Thèse - La transmédialité du personnage. Presse et littérature, 1830-1940

Le projet de thèse consiste à interroger le réinvestissement des personnages de fiction dans la presse française du XIXe siècle. Il ne s'agit pas d'étudier les publications d'œuvres littéraires dans les journaux ou la condition sociale de l'écrivain-journaliste, deux domaines abondamment explorés par les études sur la "civilisation du journal", mais plutôt de comprendre comment et pourquoi certains personnages extraits de leurs œuvres matricielles respectives, anciennes ou contemporaines, infiltrent le discours journalistique tout au long du "siècle de la presse", que ce soit dans la titulature (Le Figaro et Gil Blas sont les exemples les plus connus d'une pratique largement répandue), dans l'orientation idéologique ou esthétique des journaux, dans leurs structures rédactionnelles ou même dans leur mise en page. En effet, de nombreux organes de presse se choisissent pour emblème un personnage connu et en convoquent tout l'univers fictionnel par des procédés d'écriture ou de représentation spécifiques afin de dynamiser l'espace et la temporalité du journal. En retour, ces déploiements de personnages dans la presse modifient leur image originelle : ils acquièrent une identité de journaliste dont il faut parfois expliciter la genèse en regard de l'œuvre-source au moyen d'une fiction journalistique. Si l'étude approfondie de cette transmédialité du personnage permet de mettre en lumière le fonctionnement sociodiscursif d'une certaine presse dont il s'agira de proposer une typologie et une chronologie, elle offre également matière à réflexion sur les mécanismes de l'imaginaire littéraire. La constitution d'un canon alternatif – fondé non sur les textes "classiques" étudiés à l'école, mais sur la productivité populaire de certains univers fictionnels – problématise le statut de l'instance "personnage" et celui de la fiction littéraire en général. En prenant pour point de départ ces Polichinelle, Monte-Cristo ou autres Gavroche à première vue anecdotiques, la thèse voudrait ainsi, en définitive, éprouver l'hypothèse d'un régime du personnage propre à l'ère médiatique, où celui-ci serait considéré comme une interface renouvelée entre société et littérature.

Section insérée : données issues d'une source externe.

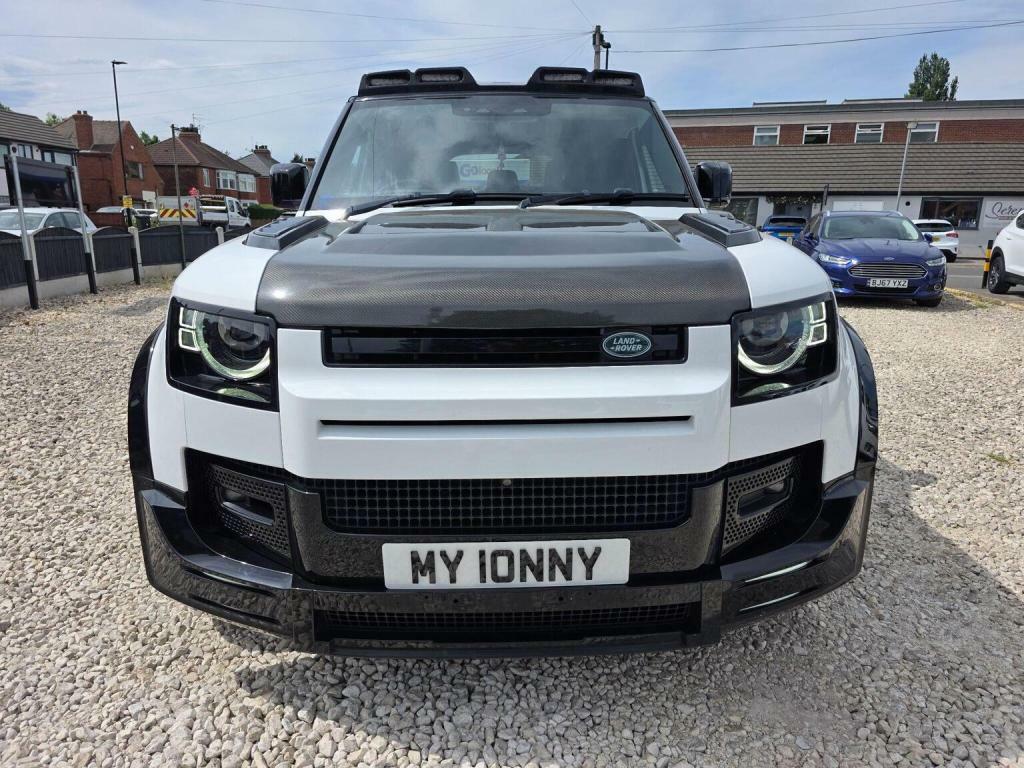 Land Rover Defender 110 Soft Top Green #86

Les écrits journalistiques de George Sand

Durant toute sa vie, des premières fantaisies anonymes rédigées pour le Figaro (1831) aux dernières confessions à tonalité autobiographique (1876), George Sand a publié son oeuvre dans la presse, à l'instar de nombreux autres écrivains du XIXe siècle. Ses romans y paraissent en feuilleton, bien sûr, mais aussi des récits de voyage, des articles politiques, des critiques littéraires où elle négocie constamment entre sa volonté d'écriture et les contraintes du support. La plupart de ses articles ont ensuite été édités sous forme de recueils, de son vivant ou de façon posthume, mais selon des logiques de regroupement parfois arbitraires qui en ont modifié le sens et la portée. Leur réédition dans le cadre des Œuvres complètes (publiées chez Champion), assurée par une équipe de chercheurs de l'Université Paul-Valéry dirigée par Marie-Ève Thérenty, est l'occasion de les réévaluer à partir de leur destination première et de mettre au jour les règles médiatiques qui les régissent ; l'occasion aussi d'exhumer certains inédits et de suivre George Sand au quotidien de ses engagements, de ses enthousiasmes ou de ses déceptions. L'édition proprement dite est accompagnée par des travaux périphériques (articles, journées d'études, etc.), notamment des communications à la Maison française d'Oxford, à l'ENS Ulm, à la Bibliothèque nationale de France ainsi qu'une livraison de la revue Cahiers George Sand.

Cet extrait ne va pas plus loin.